Once this request comes back with a status
of completed
two things will be available: first, we will be able to get the anomalies found by requesting the results; second, we will now have a model that can identify anomaly or not on future data points.
These anomalies will be returned as part of the “data” array property on the results response. We can get that by making a GET request to the results endpoint:
# replace {sessionId} from the response to your session request
curl -s -H "api-key: {subscription key}" https://ml.nexosis.com/v1/sessions/{sessionId}/results
The results JSON contains a data array with each anomalous observation containing a new field named ‘anomaly’. This field contains a score of the observation record as anomalous. When this result is a negative number, the record is anomalous. In this case all scores are negative because we have returned only anomalous entries. The score is a relative rank of how anomalous, such that a more negative number is more anomalous than another record with a score closer to zero.
{
"metrics": {
"percentAnomalies": 0.10049153468050245
},
"data": [
{
"key": "141",
"anomaly": "-0.0452571326093725",
"X.1": "0.00491231466176838",
"X.2": "2.25671813545889",
"X.3": "-0.203640485666361",
"X.4": "-0.757128570390479",
... additional values and entries ...
}
],
... other information elided...
}
In order to predict you first need the modelId for the model trained by the session in step 2. This comes back in the session results
curl -s -X GET "https://ml.nexosis.com/v1/sessions/{sessionId}/results" \
-H "api-key: {subscription key}"
This response will look a lot like the other above but importantly has the field modelId.
{
"sessionId": "0160ea7b-3306-4a58-9655-8075306c7d96",
"type": "model",
"status": "completed",
"predictionDomain": "anomalies",
"availablePredictionIntervals": [],
"modelId": "10777ba7-d3f4-4da7-9405-21e53b758832",
"requestedDate": "2018-01-12T13:07:10.72398+00:00",
...
}
With the model id and a set of new values for the features you’re ready to request a prediction.

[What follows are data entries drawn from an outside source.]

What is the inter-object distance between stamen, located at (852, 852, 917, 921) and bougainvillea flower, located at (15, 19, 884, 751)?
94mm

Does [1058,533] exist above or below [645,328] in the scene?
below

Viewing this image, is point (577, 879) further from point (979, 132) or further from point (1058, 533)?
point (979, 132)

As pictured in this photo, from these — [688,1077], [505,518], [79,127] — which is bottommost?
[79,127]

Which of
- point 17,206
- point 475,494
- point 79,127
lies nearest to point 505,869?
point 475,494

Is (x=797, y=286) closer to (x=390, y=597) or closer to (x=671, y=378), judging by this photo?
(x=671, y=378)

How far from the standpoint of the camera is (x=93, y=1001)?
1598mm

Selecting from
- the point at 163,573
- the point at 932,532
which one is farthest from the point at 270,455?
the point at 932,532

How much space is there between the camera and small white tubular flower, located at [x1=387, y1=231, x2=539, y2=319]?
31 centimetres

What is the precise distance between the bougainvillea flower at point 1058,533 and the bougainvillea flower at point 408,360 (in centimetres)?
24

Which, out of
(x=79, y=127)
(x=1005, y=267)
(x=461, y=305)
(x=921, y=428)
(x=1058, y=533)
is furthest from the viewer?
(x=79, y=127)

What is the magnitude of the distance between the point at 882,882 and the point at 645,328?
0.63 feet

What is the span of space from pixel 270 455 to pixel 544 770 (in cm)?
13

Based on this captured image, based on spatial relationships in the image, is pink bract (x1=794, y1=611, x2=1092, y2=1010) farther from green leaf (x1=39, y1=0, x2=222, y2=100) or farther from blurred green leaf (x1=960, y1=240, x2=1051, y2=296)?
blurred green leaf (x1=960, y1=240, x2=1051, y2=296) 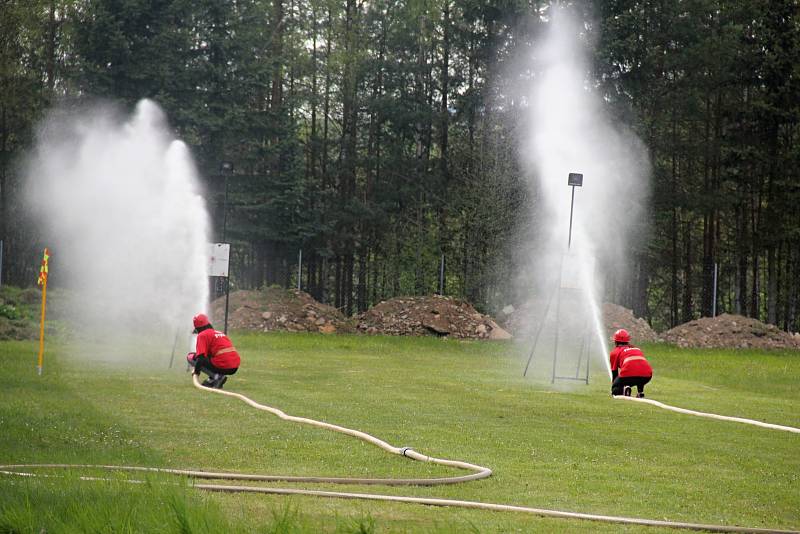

curl -s -H "api-key: $apiKey" \
-X POST $baseUrl/models/10777ba7-d3f4-4da7-9405-21e53b758832/predict \
-H "Content-Type: application/json"
-d '{ "data": [{"X.1": -1.15907509242824,"X.2": -0.91998843744384,"X.3": -0.178808273342188,"X.4": 0.0119005653086114,"X.5": 3.14482390535516,"X.6": 17.314053637174,"X.7": -0.278294946006147,"X.8": 1.28100338235996,"X.9": 0.759072460103087,"X.10": -0.420487347915062,"X.11": -1.39808792464813,"X.12": 0.744634905731968,"X.13": -1.26165666571131,"X.14": -0.400329665815939,"X.15": 0.278624569020388,"X.16": 0.963082541396573,"X.17": -4.14708829524105,"X.18": -3.19083518334924,"X.19": -3.21686477340904,"X.20": 2.58264294083969,"X.21": -2.12660546680886,"key": 1780}]}'
Just as with the data in the session result, the body of the response will include your data echoed back to you but this time with the anomaly field filled in:
{
"data": [
{
"X.1": "-1.15907509242824",
"X.2": "-0.91998843744384",
"X.3": "-0.178808273342188",
"X.4": "0.0119005653086114",
"X.5": "3.14482390535516",
"X.6": "17.314053637174",
"X.7": "-0.278294946006147",
"X.8": "1.28100338235996",
"X.9": "0.759072460103087",
"X.10": "-0.420487347915062",
"X.11": "-1.39808792464813",
"X.12": "0.744634905731968",
"X.13": "-1.26165666571131",
"X.14": "-0.400329665815939",
"X.15": "0.278624569020388",
"X.16": "0.963082541396573",
"X.17": "-4.14708829524105",
"X.18": "-3.19083518334924",
"X.19": "-3.21686477340904",
"X.20": "2.58264294083969",
"X.21": "-2.12660546680886",
"key": "1780",
"anomaly": "-0.101920780676883"
}
],
...
}
Now that you are familiar with the basics, try getting predictions from new datasets, or, take a look at the code samples and client libraries, and write an application which integrates with the API. Show us what you were able to build!